Но уже в 1914 году появились противники союза с правительством. На заседании кадетского ЦК Родичев воскликнул: «Да неужели вы думаете, что с этими дураками можно победить»[643]. Во внутрипартийных дискуссиях все больше занимали темы, связанные с изменой и распутинщиной. «За счет царя с этого времени на первый план выдвинулась царица, — излагал Милюков свое видение внутриполитических раскладов. — …Двор замыкался в пределы апартаментов царицы и «маленького домика» верной, но глупой подруги царицы Анны Вырубовой. Над ними двумя царил Распутин, а около этого центрального светила группировались кружки проходимцев и аферистов, боровшихся за влияние на Распутина — и грызшихся между собой»[644]. Именно Милюков вновь вернется к идее формирования большой оппозиционной коалиции, которая обсуждалась еще до войны и найдет свое воплощение в созданном под его руководством Прогрессивном блоке, куда войдут и кадеты, и прогрессисты.
Но при этом Милюков оказался сам в тяжелом положении внутри собственной партии, где на него стали смотреть как на примиренца и ярого монархиста. Столичные охранные отделения, активно следившие в 1915 году за шедшими одна за другой кадетскими конференциями, констатировали размежевание партии на три противостоящих течения, причем Милюков занял «правую позицию, — как острят теперь кадеты, — «улнеправительственную». В чувстве юмора им действительно не откажешь, потому что позиция правого крыла в донесении спецслужб по итогам конференции в июне была передана следующим образом: «Задачи означенного течения депутат Государственной думы Милюков определяет стремлениями «совершить мирную революцию за спиною и с санкции самого правительства, усыпив бдительность правящих органов последнего внешними и чисто показными изъявлениями верноподданнического образа мысли кадет»». Второе течение, по тому же источнику, «протестует против сотрудничества кадет с правыми элементами и правительством, настаивает на необходимости разрыва думского блока с правыми депутатами, добивается выхода кадет из различных комиссий и совещаний по вопросам военного снабжения и требует выступлений в защиту положения евреев». Такую позицию занимали члены ЦК Некрасов, Кизеветтер, адвокат Мандельштам, настаивавшие также на максимальном сближении с трудовиками и социал-демократами.
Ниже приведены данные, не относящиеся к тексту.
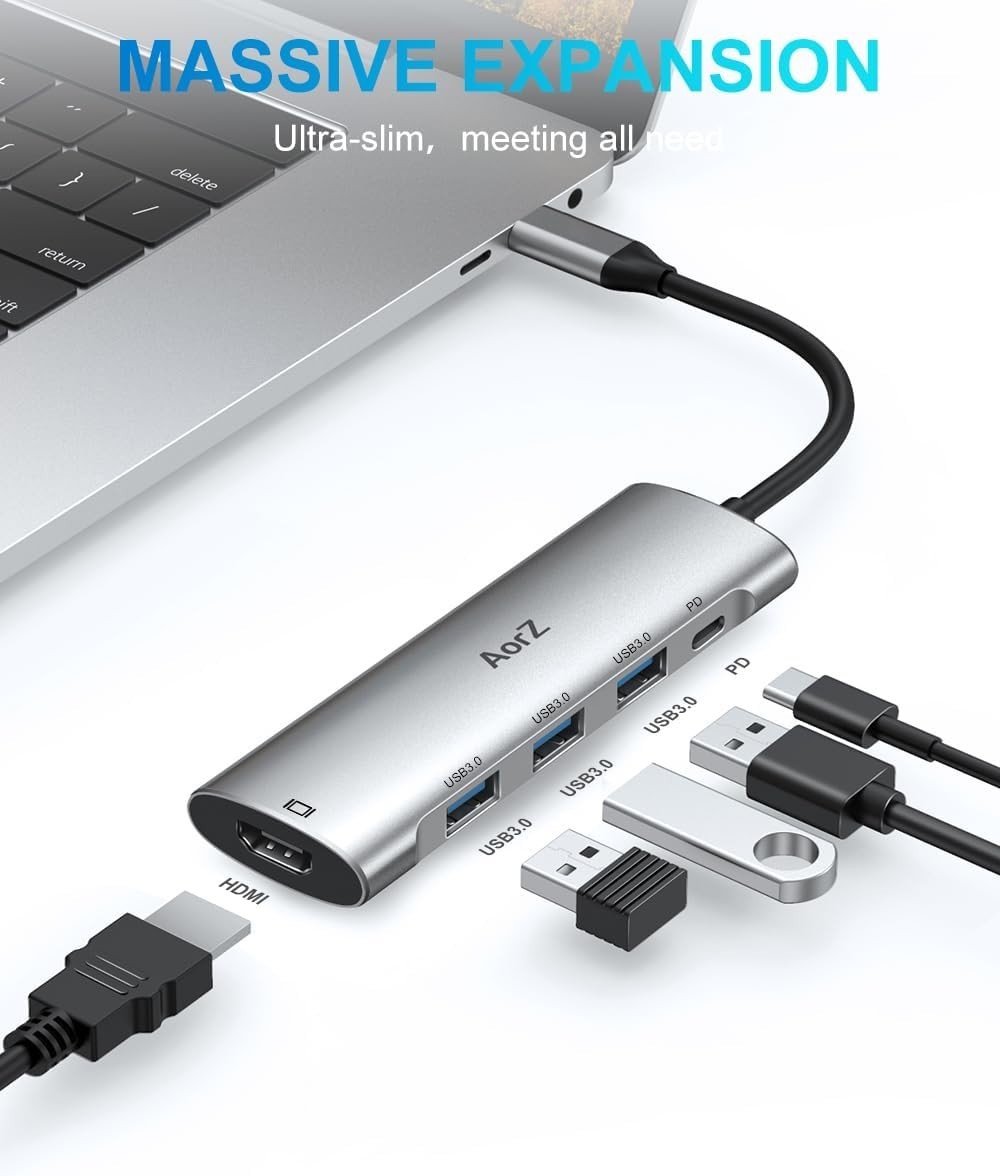 USB C Hub,USB C Hub Multiport Adapter 4K@60Hz 5 in 1 USBC to Hdmi Adapter wit…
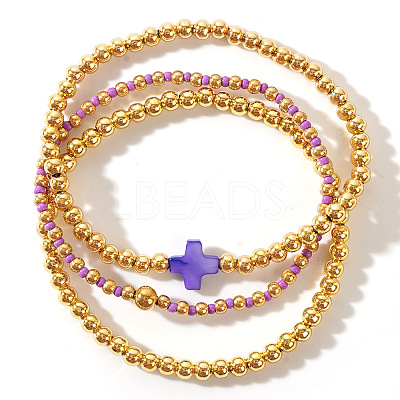 3Pcs Brass & Natural Shell Beads & Glass Seed Beads Stretch Bracelets Set for Women YJ9713-3-1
Наконец, третье течение исходило из необходимости «широкой работы в народных массах, на почве развивающегося ныне усиленного кооперативного движения, и допуском в своей тактике нелегальных приемов борьбы, как, например: выпуска нелегальной агитационной литературы, подготовки и организации различного рода бойкотов, демонстраций и даже забастовок»[645]. Сторонники уличных действий представляли в основном провинциальные города и земства.